Hernández stellt sich bei Twitter als "künftiger Präsident Kolumbiens" und "El rey del Tiktok" dar, der "nur dem Volk verpflichtet ist"

Bogotá. Gustavo Petro hat im ersten Wahlgang der Präsidentschaftswahlen 40,32 Prozent (8,5 Millionen) der Stimmen erreicht, mehr als je ein linker Kandidat zuvor und rund zwölf Prozent mehr als sein Rivale für die Stichwahl, Rodolfo Hernández. Trotzdem ist vielen seiner Wähler:innen nicht zum Feiern zumute, sie hofften auf einen Sieg in der ersten Runde.

Noch am Abend seiner Niederlage drückte der rechte Präsidentschaftskandidat Federico Gutiérrez seine Unterstützung für Hernández aus, ebenso prominente Politiker:innen wie José Obdulio Gaviria, Paloma Valenica und María Fernanda Cabal, die dem ehemaligen rechten Präsidenten Álvaro Uribe Vélez nahestehen.

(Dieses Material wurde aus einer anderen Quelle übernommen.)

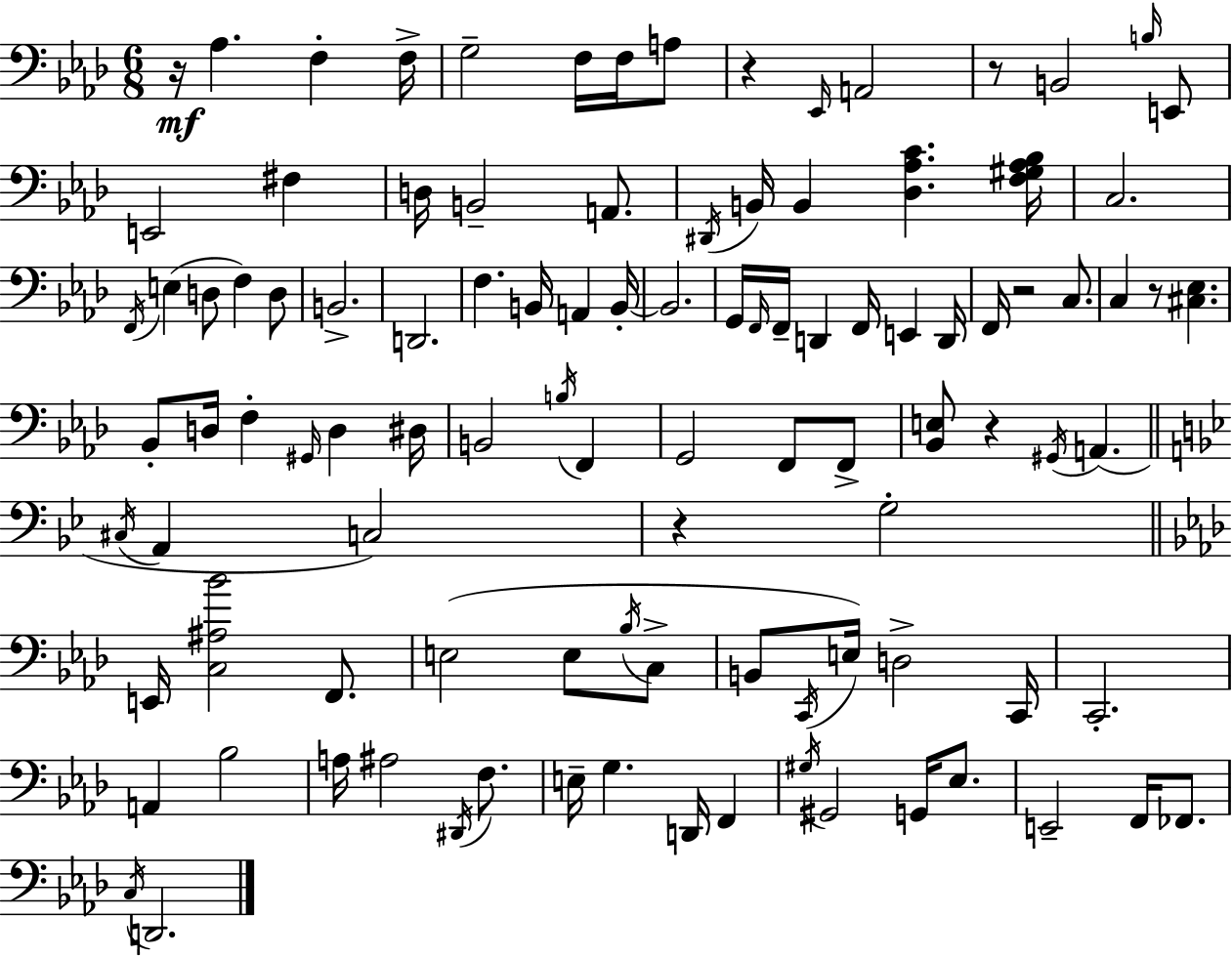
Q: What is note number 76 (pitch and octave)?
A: A3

Nach Rechnung der Rechten würden die Stimmen von Hernández und Gutiérrez ausreichen, um im zweiten Wahlgang den Sieg gegen Petro zu holen.

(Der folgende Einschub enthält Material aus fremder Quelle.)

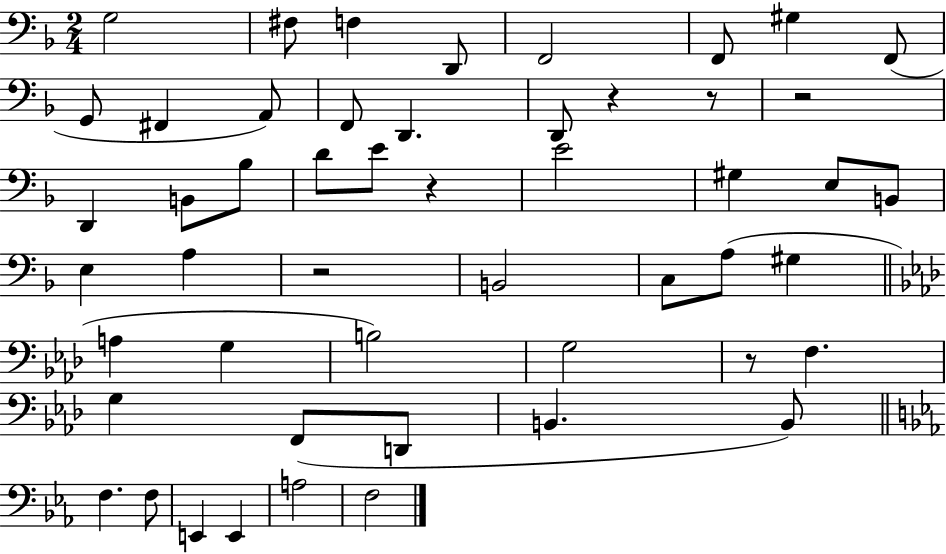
X:1
T:Untitled
M:2/4
L:1/4
K:F
G,2 ^F,/2 F, D,,/2 F,,2 F,,/2 ^G, F,,/2 G,,/2 ^F,, A,,/2 F,,/2 D,, D,,/2 z z/2 z2 D,, B,,/2 _B,/2 D/2 E/2 z E2 ^G, E,/2 B,,/2 E, A, z2 B,,2 C,/2 A,/2 ^G, A, G, B,2 G,2 z/2 F, G, F,,/2 D,,/2 B,, B,,/2 F, F,/2 E,, E,, A,2 F,2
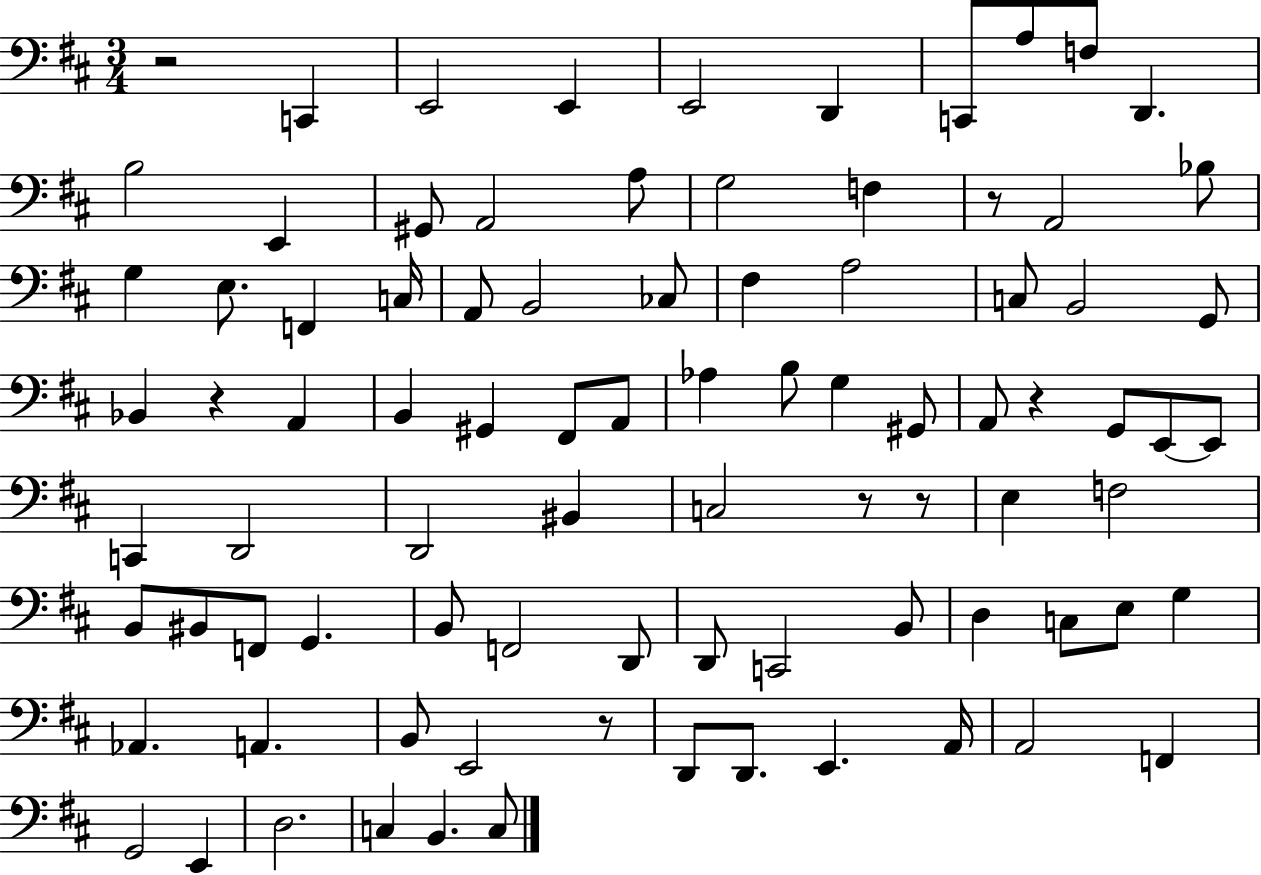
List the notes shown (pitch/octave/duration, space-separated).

R/h C2/q E2/h E2/q E2/h D2/q C2/e A3/e F3/e D2/q. B3/h E2/q G#2/e A2/h A3/e G3/h F3/q R/e A2/h Bb3/e G3/q E3/e. F2/q C3/s A2/e B2/h CES3/e F#3/q A3/h C3/e B2/h G2/e Bb2/q R/q A2/q B2/q G#2/q F#2/e A2/e Ab3/q B3/e G3/q G#2/e A2/e R/q G2/e E2/e E2/e C2/q D2/h D2/h BIS2/q C3/h R/e R/e E3/q F3/h B2/e BIS2/e F2/e G2/q. B2/e F2/h D2/e D2/e C2/h B2/e D3/q C3/e E3/e G3/q Ab2/q. A2/q. B2/e E2/h R/e D2/e D2/e. E2/q. A2/s A2/h F2/q G2/h E2/q D3/h. C3/q B2/q. C3/e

Das vom "Pacto Histórico", dem Mitte-Links-Bündnis um Petro erzielte Wahlergebnis ist ein Novum für die kolumbianische Linke: Noch nie gelang es ihr, so viele Stimmen bei den Präsidentschaftswahlen zu erzielen. Petro verdoppelte die Stimmen aus den letzten Präsidentschaftswahlen im Jahr 2018 nahezu. Nun fehlen ihm etwa 1,6 Millionen Stimmen für einen Sieg in der Stichwahl.

Parallelen lassen sich allgemein zur Stimmabgabe beim Plebiszit über das Friedensabkommen mit der Farc-Guerilla im Jahr 2016 ziehen. Während Hernández aktuell in den Gebieten dominierte, wo seinerzeit das ‘Nein‘ gewann, wählten die Menschen Petro in Gebieten, wo das Abkommen überwiegend Zustimmung erfuhr. Besonders vom bewaffneten Konflikt und sozialer Ungleichheit betroffene Departamentos wie Cauca, Putumayo, Chocó, Nariño oder La Guajira stimmten klar für den Pacto Histórico.

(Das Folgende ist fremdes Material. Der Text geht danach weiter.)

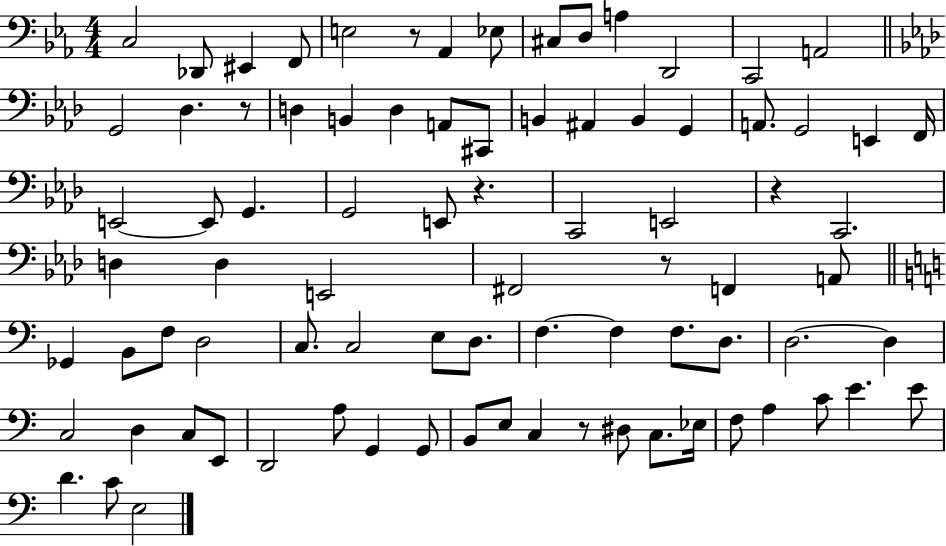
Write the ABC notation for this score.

X:1
T:Untitled
M:4/4
L:1/4
K:Eb
C,2 _D,,/2 ^E,, F,,/2 E,2 z/2 _A,, _E,/2 ^C,/2 D,/2 A, D,,2 C,,2 A,,2 G,,2 _D, z/2 D, B,, D, A,,/2 ^C,,/2 B,, ^A,, B,, G,, A,,/2 G,,2 E,, F,,/4 E,,2 E,,/2 G,, G,,2 E,,/2 z C,,2 E,,2 z C,,2 D, D, E,,2 ^F,,2 z/2 F,, A,,/2 _G,, B,,/2 F,/2 D,2 C,/2 C,2 E,/2 D,/2 F, F, F,/2 D,/2 D,2 D, C,2 D, C,/2 E,,/2 D,,2 A,/2 G,, G,,/2 B,,/2 E,/2 C, z/2 ^D,/2 C,/2 _E,/4 F,/2 A, C/2 E E/2 D C/2 E,2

Der Kandidat Rodolfo Hernández zieht unerwartet in die Stichwahl ein. Die traditionellen liberalen, konservativen und rechten Parteien im Land unterstützten zunächst den ehemaligen Bürgermeister von Medellín, Federico Gutiérrez. Dass rund 28 Prozent der Wähler:innen für Hernández und 40,3 Prozent für Petro stimmten, kann als Niederlage des traditionellen rechten ‘Uribismus‘ gewertet werden, dessen Regierungspolitik Kolumbien die letzten 20 Jahre entscheidend prägte. Die Politik des ehemaligen Präsidenten Uribe, seine kompromisslose Haltung gegenüber dem Friedensprozess, die Militarisierung großer Teile des Landes sowie die Zusammenarbeit mit paramilitärischen Gruppen und Drogenkartellen, forderte unzählige Todesopfer und vergrößerte die soziale Ungleichheit und Armut großer Teile der Bevölkerung. Der amtierende Präsident Iván Duque führte diese Politik fort und wird vielfach als der schlechteste Präsident in der Geschichte Kolumbiens angesehen.

Hernández präsentierte sich im Wahlkampf, den er überwiegend im sozialen Netzwerk TikTok führte, als unkonventioneller Außenseiter und versprach, die Korruption im Land zu bekämpfen.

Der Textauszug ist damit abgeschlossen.